══ AVAILABLE RECORDS ══
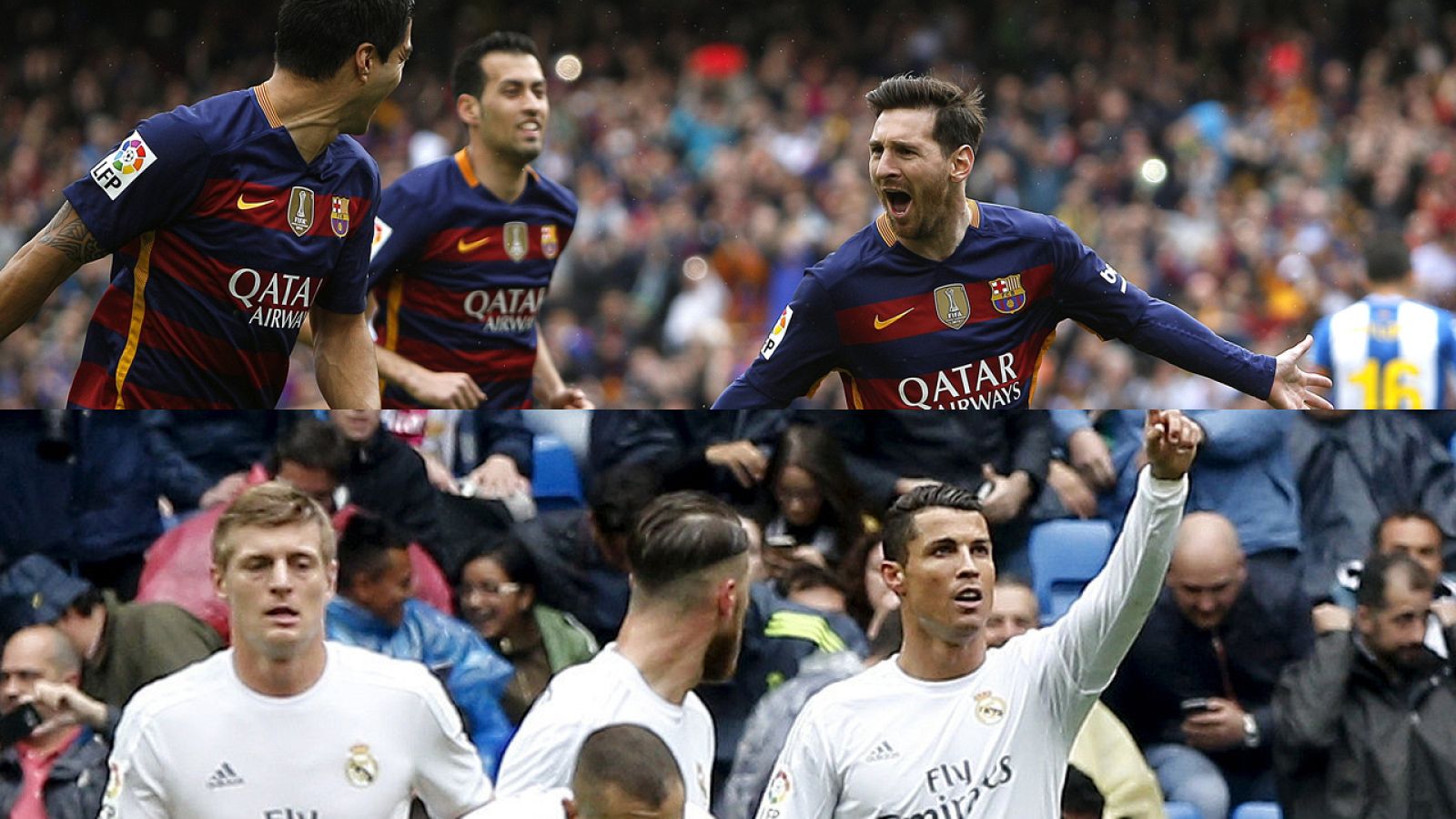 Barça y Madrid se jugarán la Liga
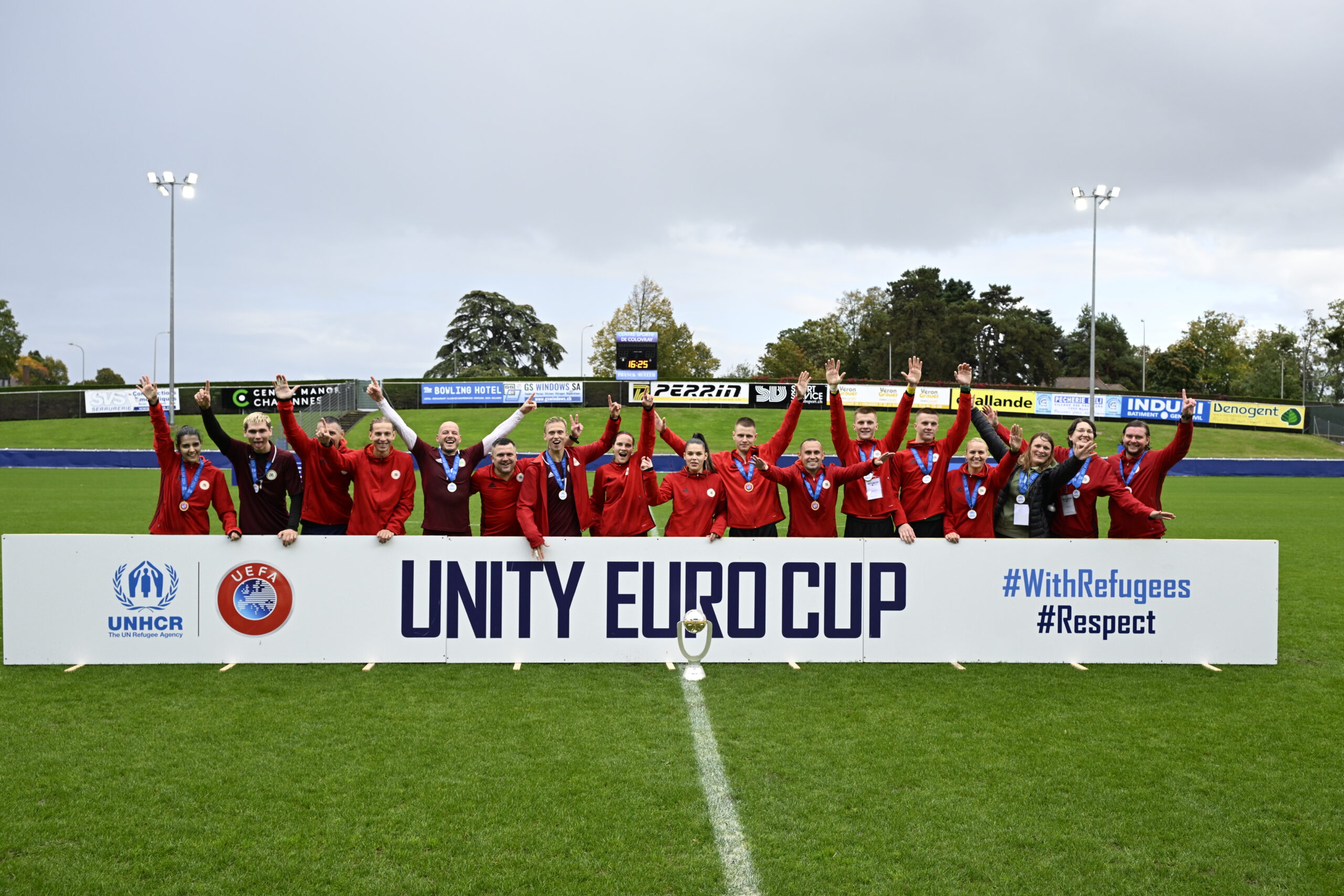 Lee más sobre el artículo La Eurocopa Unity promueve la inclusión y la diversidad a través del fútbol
═══
══ AVAILABLE RECORDS ══
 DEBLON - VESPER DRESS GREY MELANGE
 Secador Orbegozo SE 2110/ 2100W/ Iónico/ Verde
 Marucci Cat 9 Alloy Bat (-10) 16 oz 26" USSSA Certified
═══
══ AVAILABLE RECORDS ══
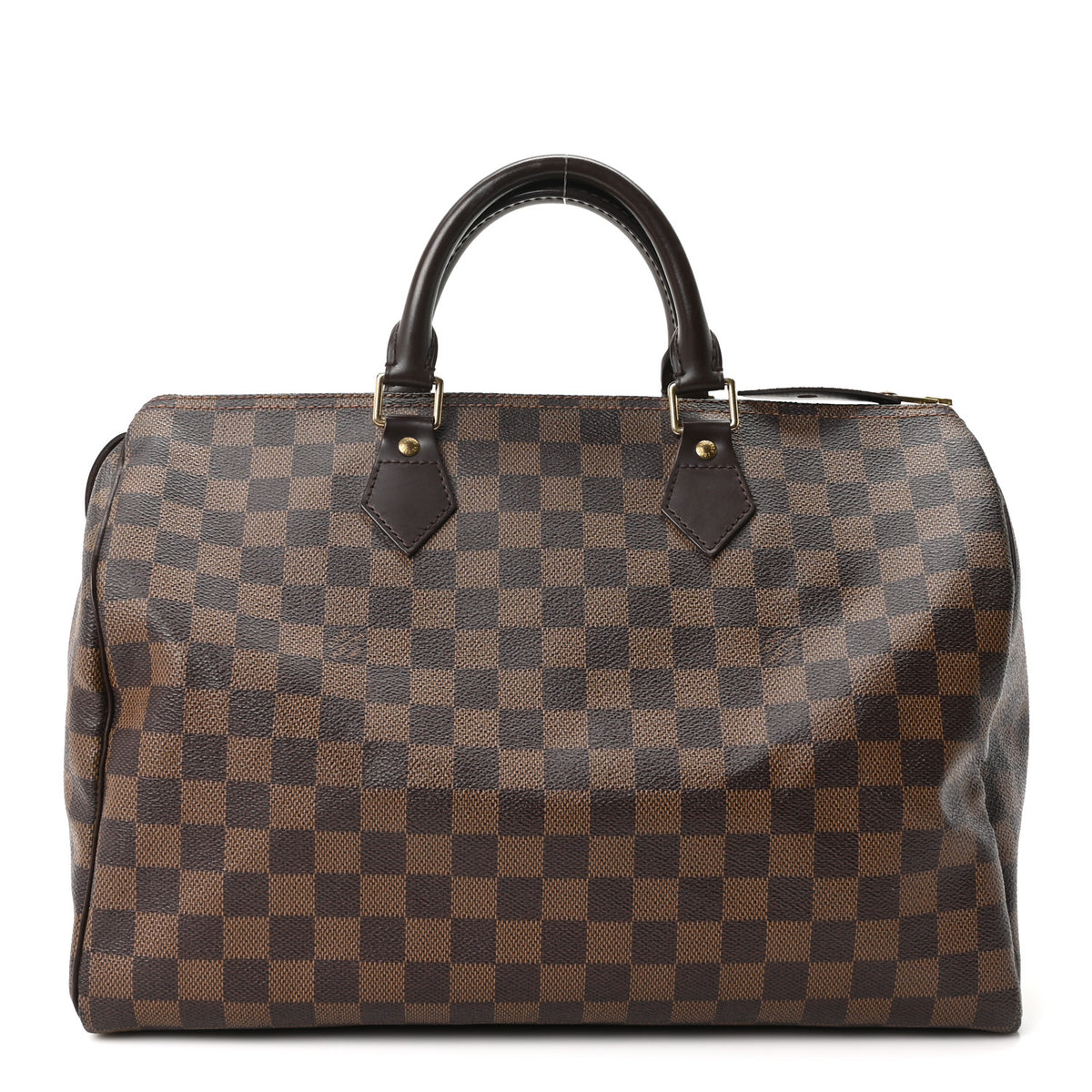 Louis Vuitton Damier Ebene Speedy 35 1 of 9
═══
● **WHAT IS REQUIRED**
Reproduce the listing above only between the lines holding "Barça y Madrid se jugarán la Liga" and "Lee más sobre", inclusive. Every line must match exactly, and pictures are dropped.

● **ANSWER TO THIS PROBLEM**
 Barça y Madrid se jugarán la Liga
 Lee más sobre el artículo La Eurocopa Unity promueve la inclusión y la diversidad a través del fútbol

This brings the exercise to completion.